Occasionally, when I have the time, I try to listen to his annual briefings, not because I own a share in his business (we are getting there), but primarily to listen to snarky, witty, and outright savage responses from his partner Charlie Munger.
Warren Buffet has many rules for investing, one key one is to never invest in what you don’t understand, and this is where crypto comes in.
I like to start by saying I do not trade cryptocurrencies (or at least not yet). While I understand how blockchains work, the principle behind consensus protocols, SHA 256, etc. I don’t necessarily think I’m knowledgeable enough to put real money into cryptocurrencies and be able to predict its outcome. The fact that a single tweet from Elon Musk can shoot up the price of Dogecoin with no fundamental analysis backing its meteoric rise except the fact that the influential founder of an electric car company can change his name on Twitter to the “The Doge Father” and use a Dogecoin emblem as his profile image is pretty disturbing to me.

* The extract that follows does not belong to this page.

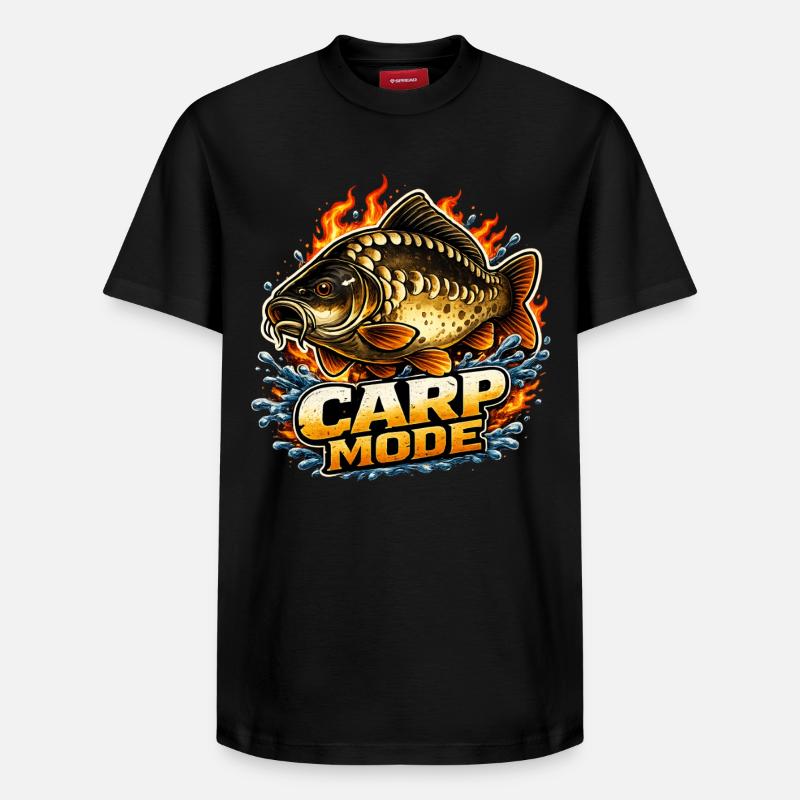 Karpfenmodus - Relaxed Unisex Supima Cotton T-Shirt – von SPREAD - Schwarz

However, my cautiousness towards crypto hasn’t always been beneficiary. A former flat-mate of mine shared with me how he had about US$200,000 in Shiba Inu during the impeccable 2021 crypto market bull run before the market depressed and he had to off-ramp at US$70,000. He still feels hurt that he could have gotten more money out than he eventually did. The last time we talked he was sharing with me how he planned to buy a Mercedes Benz E350, while I’m planning to buy a N450,000 (US$1,000) Oculus Quest 2 VR headset amongst other things. Moral of the story: cautiousness doesn’t always pay :(
CRYPTO, TECH AND 2022
2022 has been an interesting year for African tech so far. This was the year of reckoning for startups raising money without a working business model, product-market fit, and/or even product solution fit. Global macro economical and geopolitical issues meant that investors held their purses tighter and were more than willing to drag founders who wanted to play games with them. It also meant companies without a path to profitability and sustainability had to either find one in time, furlough staff, or go out of business.
A couple of normal expected things also happened; digital payments volume (NIP) so far is up 49% YoY from November 2021 to November 2022, and those who believed MoMo PSB would “destroy all the fintechs in Nigeria” (whatever that was supposed to mean), were shocked that didn’t occur, and would probably be surprised to know that as of September 2022, MTN MoMo had about N1.745 billion (US$3.9m) in customer deposits and 1.8 million active MoMo wallets in Nigeria indicating an average user account balance value of N969 (US$2.18). For context purposes, Fidelity Bank, a licensed Tier 2 DMB in Nigeria had an average user account balance value of N277,700 (US$623).
While Crypto still remained a touch-not by commercial banks in Nigeria, and those who tried to test the school teacher (CBN) got beaten with a big stick, crypto transactions have continued to grow especially via P2P channels where the regulator has little or no visibility into.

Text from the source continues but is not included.